Late at night, when the lamps are flickering low and the wine is running out, taverns in Atharavon resound with wild tales of how this mage or that rogue or some such band of adventurers went down into the Catacombs, and what befell them there.

Nearly everyone has a story about what happened to the great Company of the Grey Griffon or how someone’s great-uncle barely escaped the embrace of a demon they encountered within the halls of the Catacombs. The best tales, of course, are those that end with the safe return of adventurers laden with gems, gold coins, magical swords, and grand suits of armor.

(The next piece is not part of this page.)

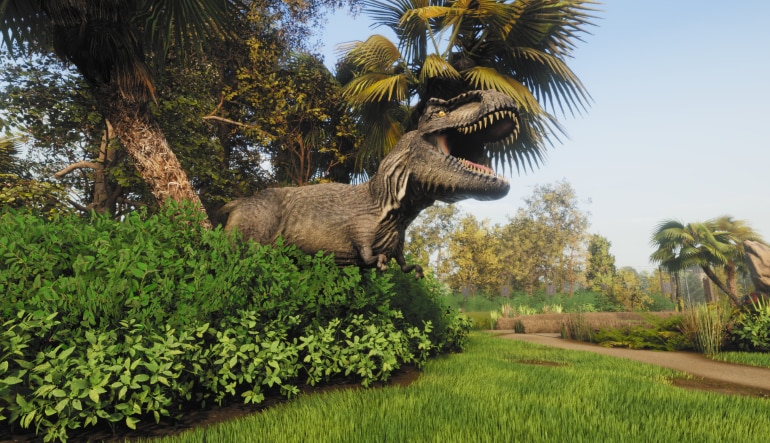 Lawn Mowing Simulator: Dino Safari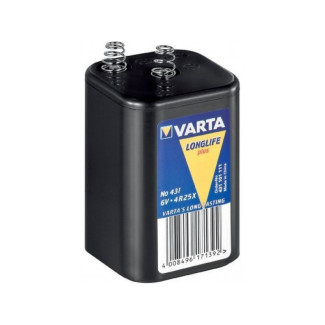 Varta Battery Zink-Kohle. 431. 6V. 8.500mAh. Shrinkwrap (1-Pack)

Few adventuring groups emerge relatively unscathed from the depths. More common, by far, are the harrowing tales of those who went in and never came out, those who are found dead, or the poor lost souls driven mad in the depths. A silent toast is often raised in memory of the less fortunate: “Pray to your gods, brave adventurers, that ye end up not among them.”

Shadowport


The Lords of Atharavon ignore many of the dangers and troubles of those who explore the Catacombs, worrying less about dungeon explorers and more about the city and the rogues within its limits. They also turn a blind eye to a wretched, seedy community located in the depths below the Catacombs; the city of Shadowport.

The dark waterways of the depths, magically altered by Finarfen’s great gates, link up with the Sea-caves located near Atharavon. The Sea-caves, controlled by powerful magicks, are accessed by a great sling-hoist that can lift even the largest seagoing ships from one waterway to another. The hoist links the subterranean Skull Pool; one end of the underground Krandar River, to the innermost sheltered basin of the Sea caves, located at surface level.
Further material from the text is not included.